Song Lyric of the Day:

Sweet dream or a beautiful nightmare / Somebody pinch me, your love’s too good to be true / (Turn the lights on)

No sooner had we gone to bed last night than Coraline woke up to be changed and fed. It was Rich’s turn to check on her; within minutes of him heading to her room, I heard her screaming like I’ve never heard her scream before. When I got to her room, Rich was trying to console her, to no avail. I tried to calm her, also to no avail. Based on the sheer terror she was exhibiting, we figured she had to be experiencing night terrors. According to BabyCenter, babies don’t experience night terrors until the age of about nine months, but we’re stumped as to what else it could have been.
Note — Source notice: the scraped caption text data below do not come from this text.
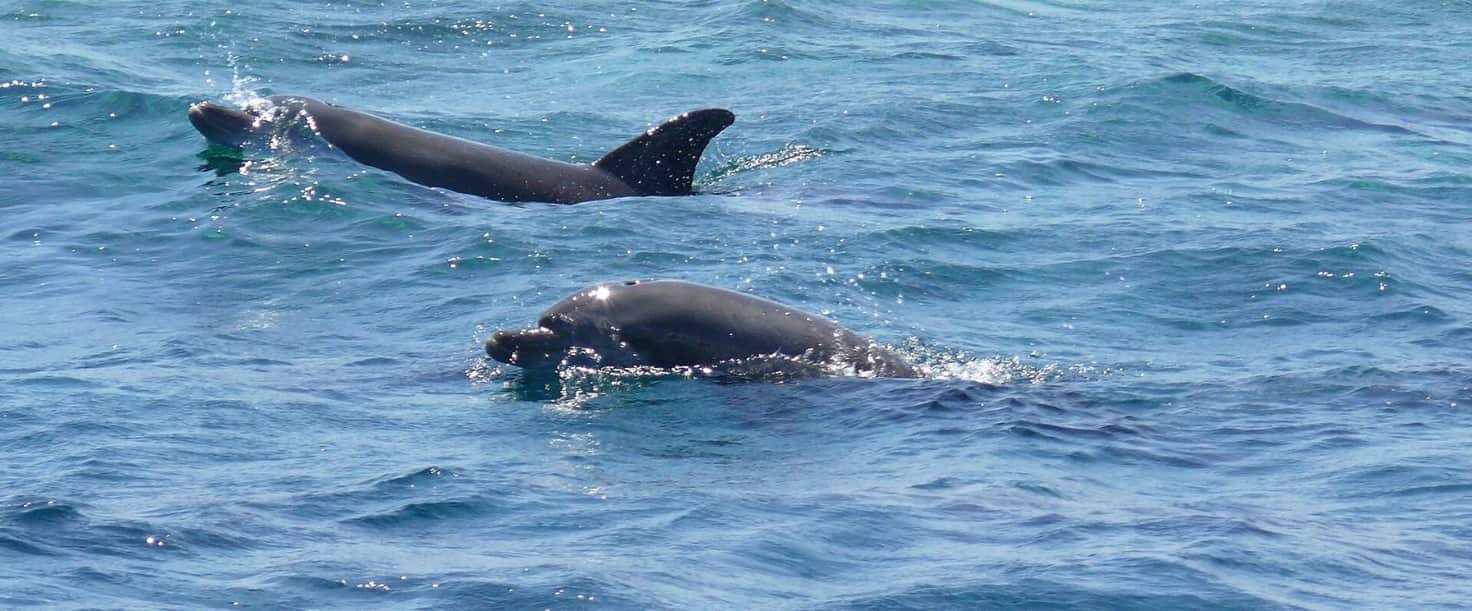 Nager avec les dauphins sauvages — VIP au lever du soleil — photo 3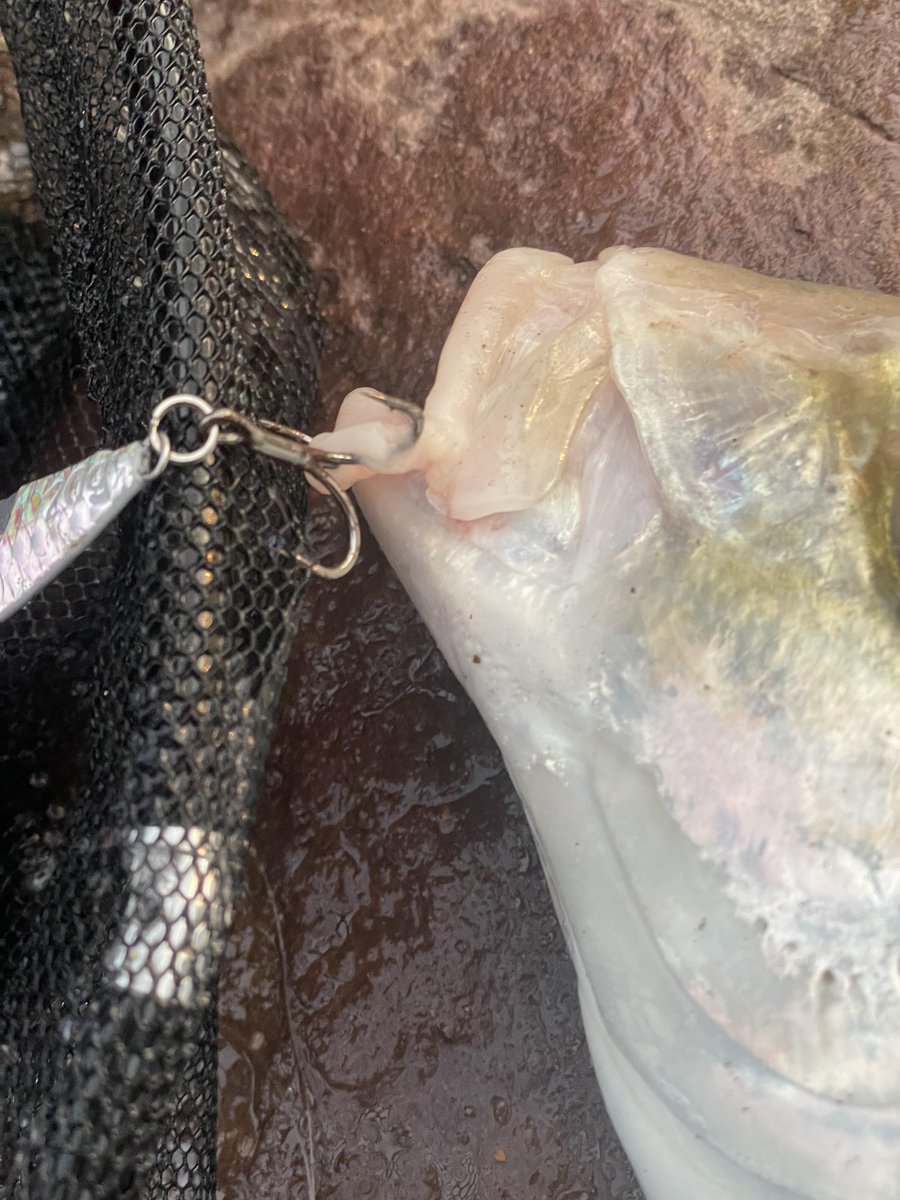 lvakumar's tweet image. 最後にもう一度だけ投げようと思ったら、なんと魚が掛かりました。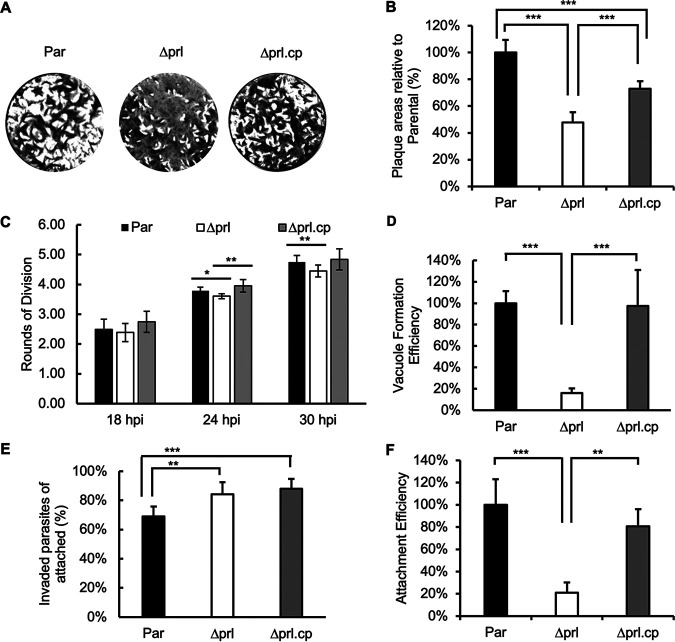 FIG 3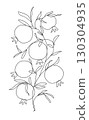 Branch with pomegranates and leaves. Modern single line art drawing. Continuous line drawing. Outline draw design vector illustration 130304935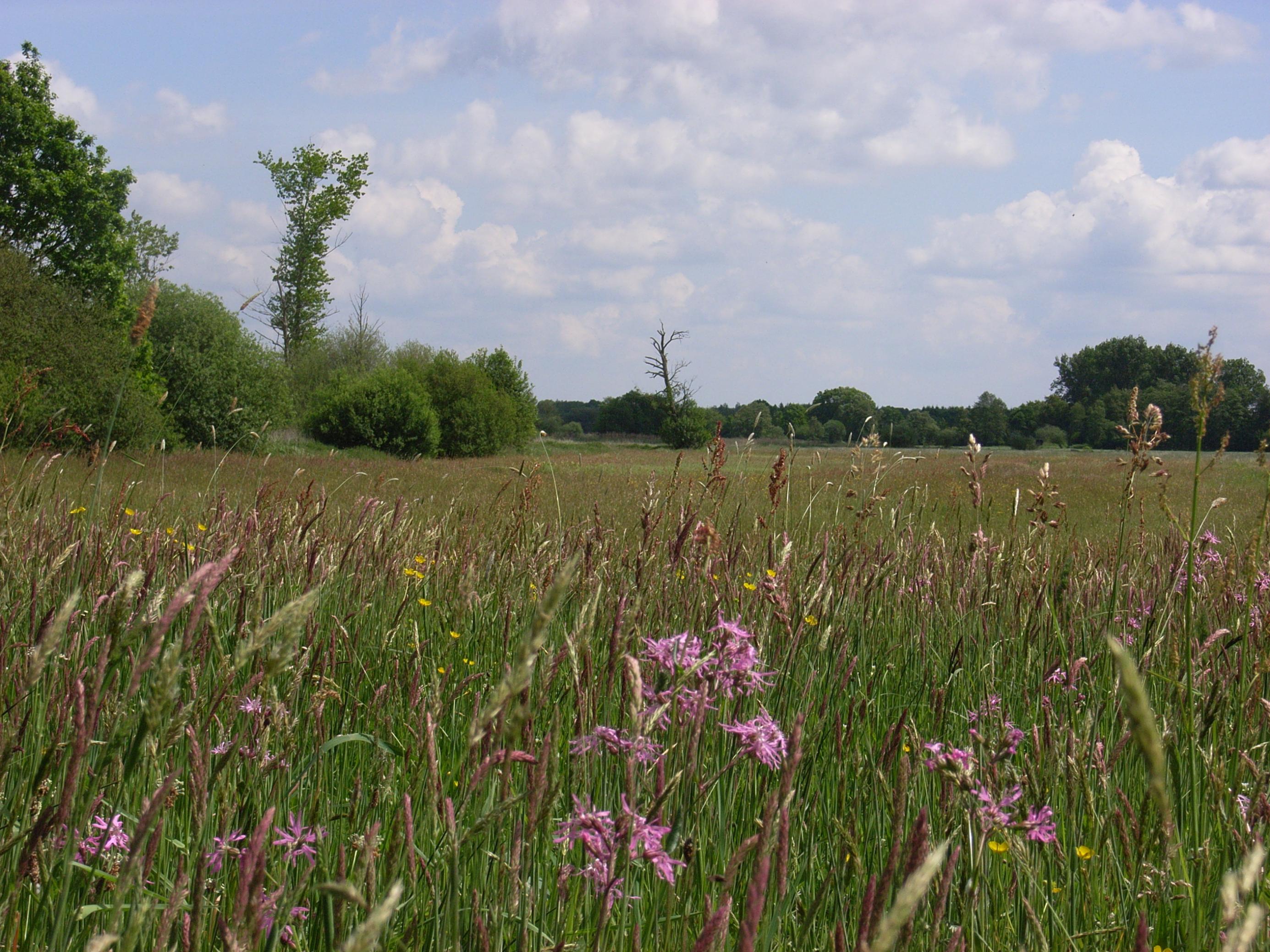 Die leuchtend pinkfarbenen, charakteristisch ausgefransten Blüten der Kuckuckslichtnelke beleben eine feuchte Wiese an der Oste, einem Fluss im Landkreis Stade. In den Schilfzonen zwischen den Grasflächen brüten sogar Rohr- und Wiesenweihe sowie die Sumpfohreule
Anyone else out there experience anything like this with their almost-four-month-old? She was looking at us, but it was like she didn’t see us. Nothing we did calmed her down: holding her, rocking her in her glider, walking down the hall with her. She screamed so loudly she even set off the glass-break sensor, setting off our house alarm in the middle of the night. This went on for almost a half hour. We finally got her calm enough to lay her down in her crib again; she slept for a few hours after that, probably out of sheer exhaustion. I’m cautiously optimistic that it won’t happen again tonight, but we’ll see. Fingers crossed we all have a better night tonight than we did last night.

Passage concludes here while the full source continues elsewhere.